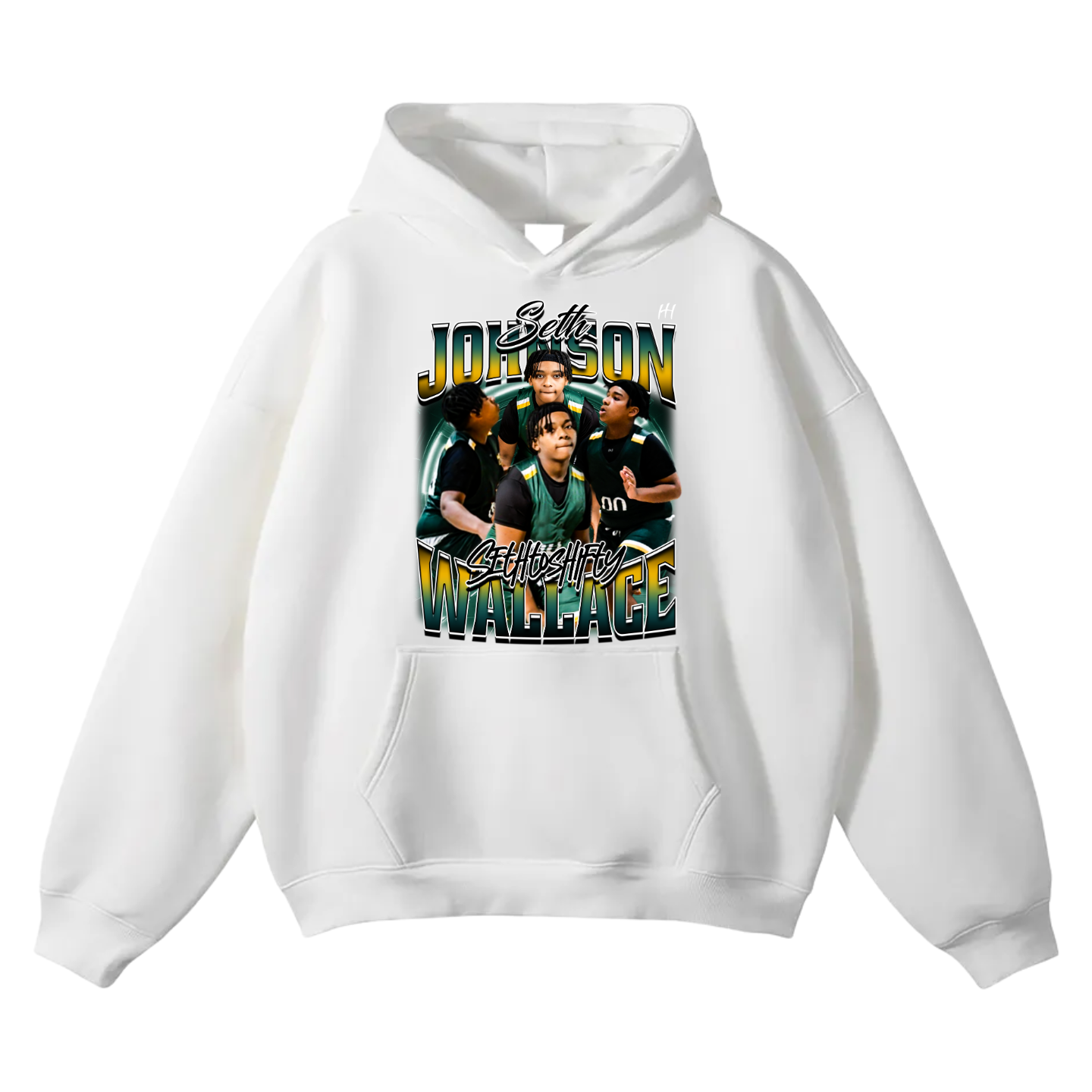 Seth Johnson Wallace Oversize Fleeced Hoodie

━━━━

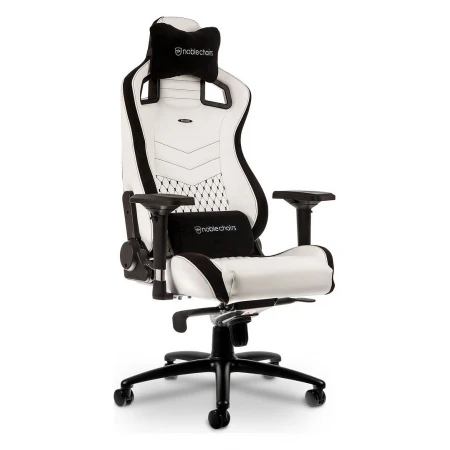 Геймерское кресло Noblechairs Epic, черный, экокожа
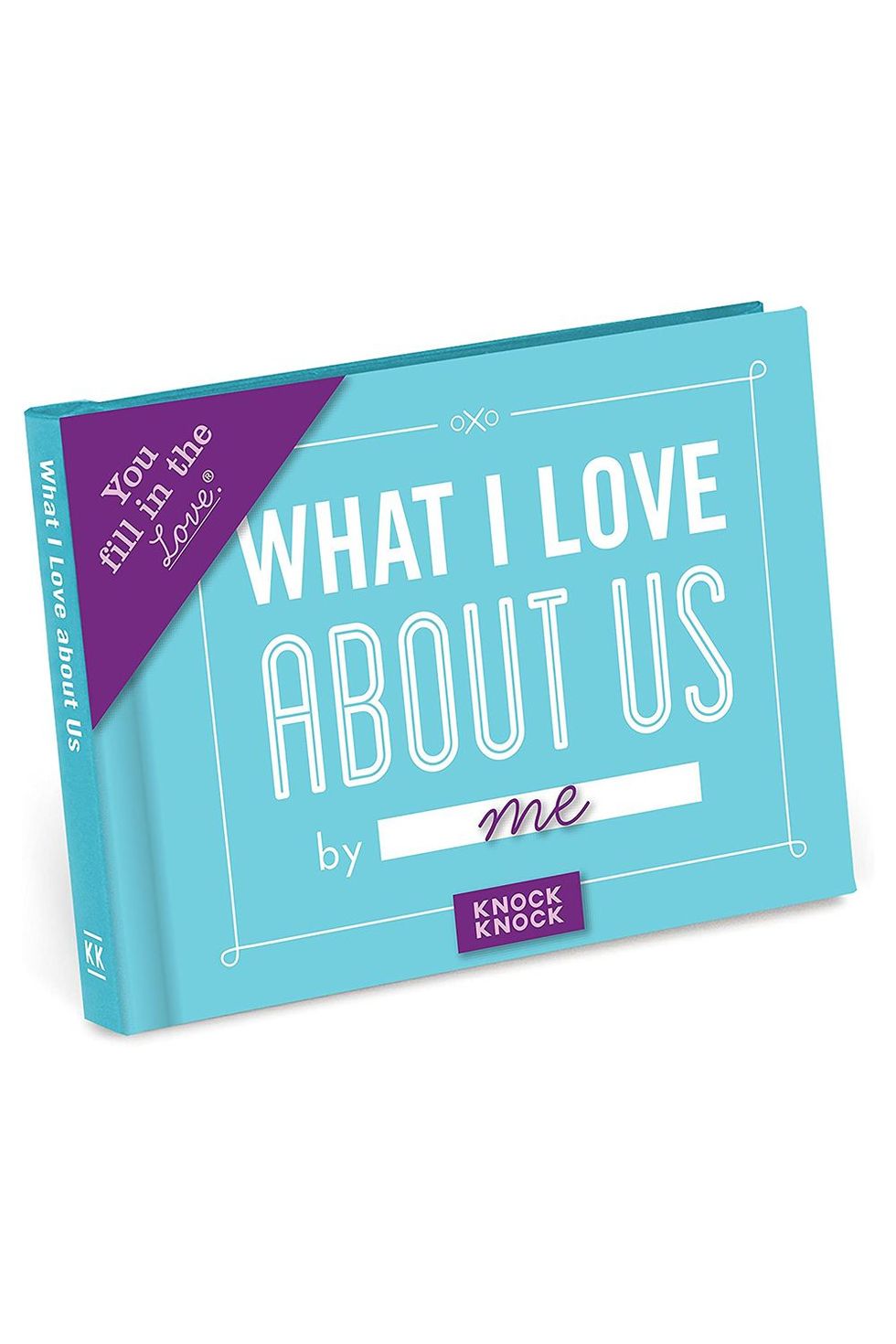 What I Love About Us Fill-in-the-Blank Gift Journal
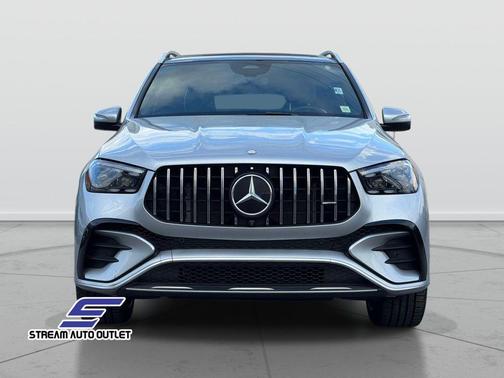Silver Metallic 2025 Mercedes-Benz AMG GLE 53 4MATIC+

━━━━

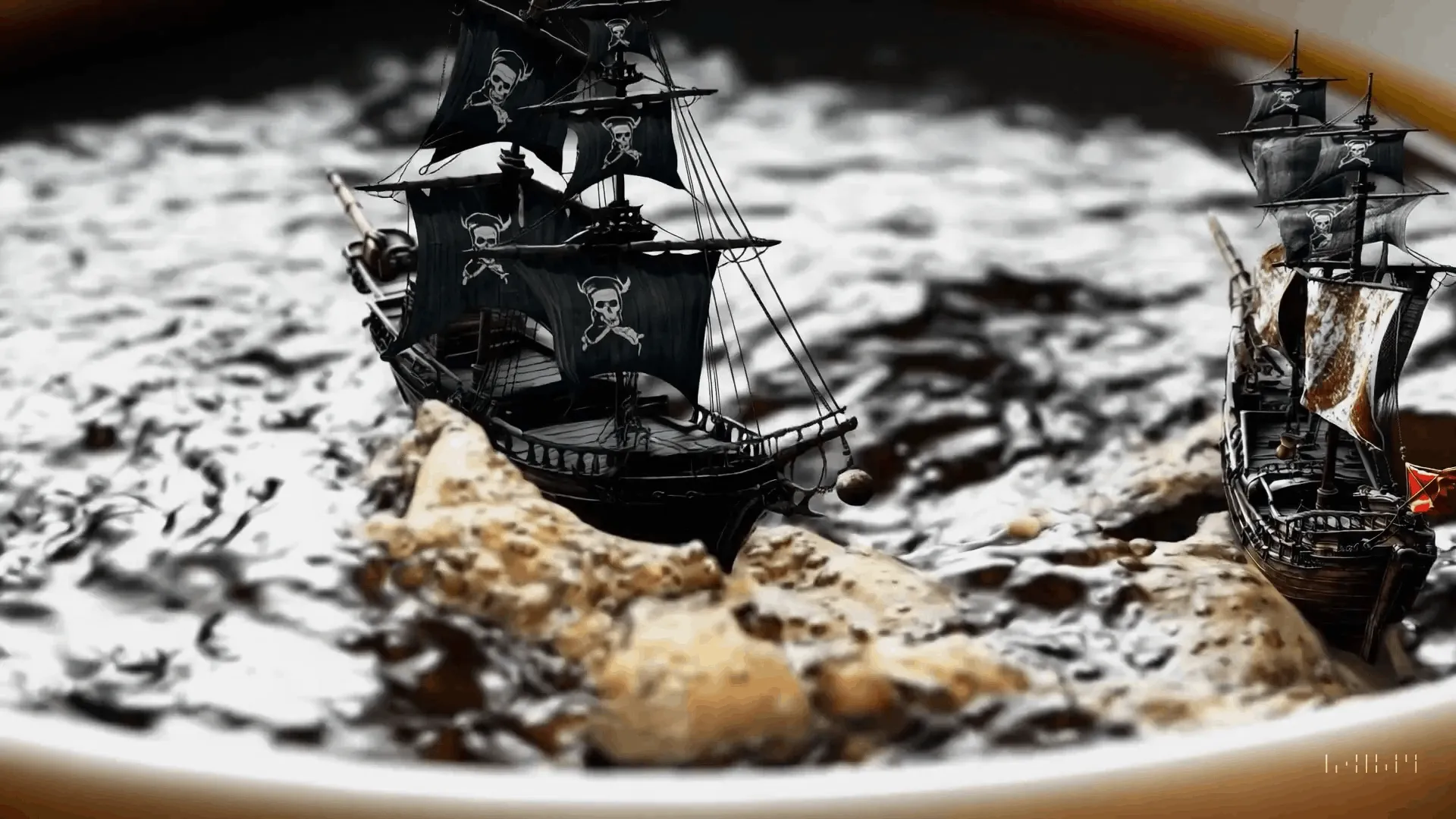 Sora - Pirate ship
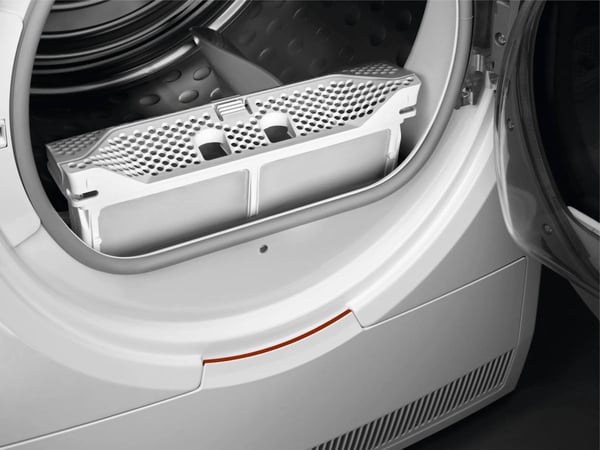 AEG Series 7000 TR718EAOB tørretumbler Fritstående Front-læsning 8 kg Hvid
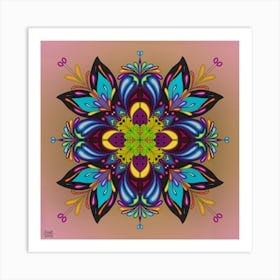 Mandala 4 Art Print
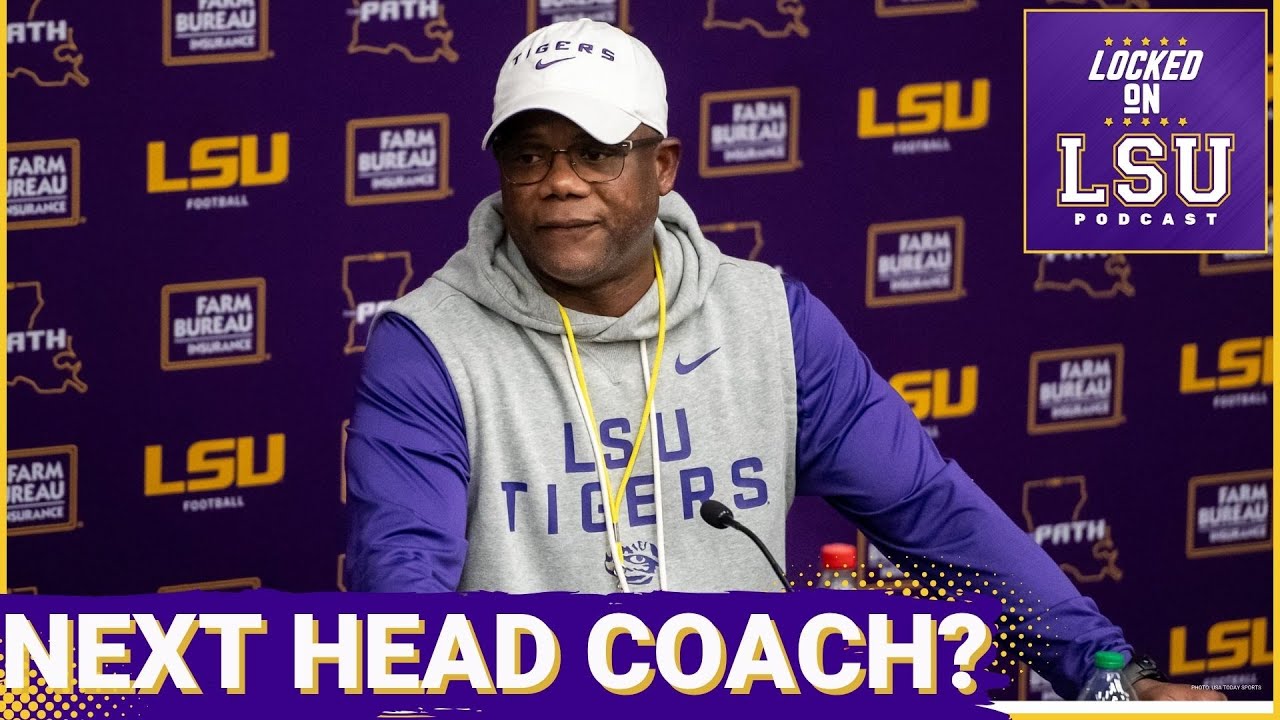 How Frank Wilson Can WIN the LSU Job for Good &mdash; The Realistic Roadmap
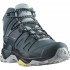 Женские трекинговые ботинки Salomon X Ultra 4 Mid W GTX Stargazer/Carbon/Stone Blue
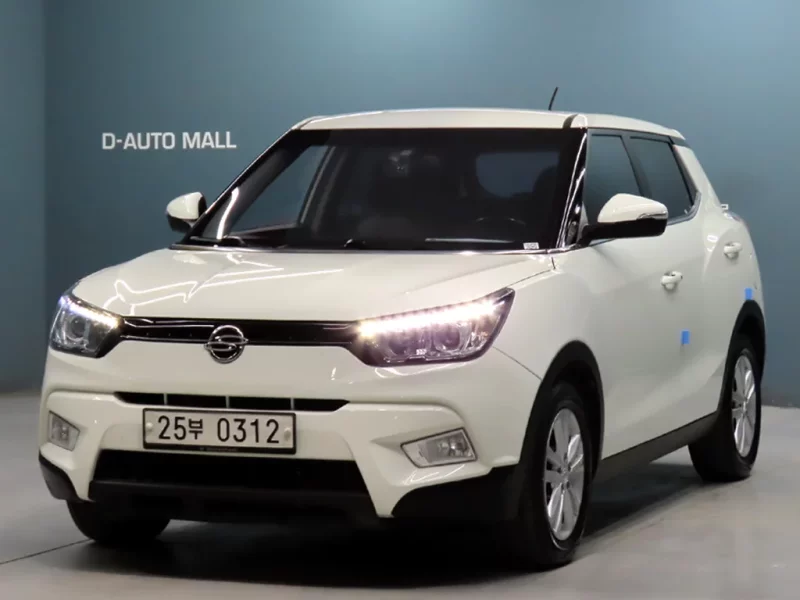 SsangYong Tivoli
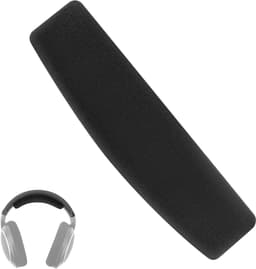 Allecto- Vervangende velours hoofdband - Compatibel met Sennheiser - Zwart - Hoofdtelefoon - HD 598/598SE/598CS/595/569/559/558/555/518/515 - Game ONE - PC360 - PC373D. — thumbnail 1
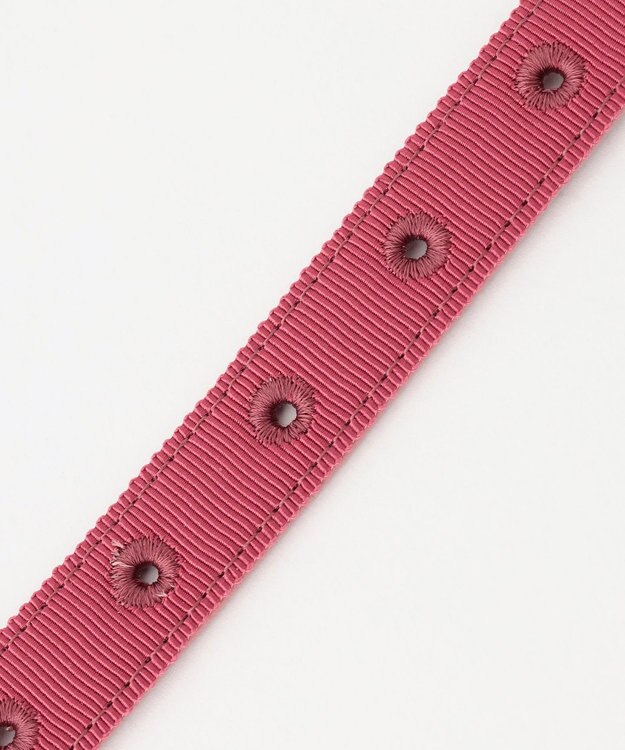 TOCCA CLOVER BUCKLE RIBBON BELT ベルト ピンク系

━━━━

**Work to complete:** Start at the line above containing "Sora - Pirate ship" and stop at the line containing "TOCCA CLOVER BUCKLE RIBBON BELT ベルト ピンク系": print those lines and everything between them exactly, but not the pictures.

**Task result:**
 Sora - Pirate ship
 AEG Series 7000 TR718EAOB tørretumbler Fritstående Front-læsning 8 kg Hvid
 Mandala 4 Art Print
 How Frank Wilson Can WIN the LSU Job for Good &mdash; The Realistic Roadmap
 Женские трекинговые ботинки Salomon X Ultra 4 Mid W GTX Stargazer/Carbon/Stone Blue
 SsangYong Tivoli
 Allecto- Vervangende velours hoofdband - Compatibel met Sennheiser - Zwart - Hoofdtelefoon - HD 598/598SE/598CS/595/569/559/558/555/518/515 - Game ONE - PC360 - PC373D. — thumbnail 1
 TOCCA CLOVER BUCKLE RIBBON BELT ベルト ピンク系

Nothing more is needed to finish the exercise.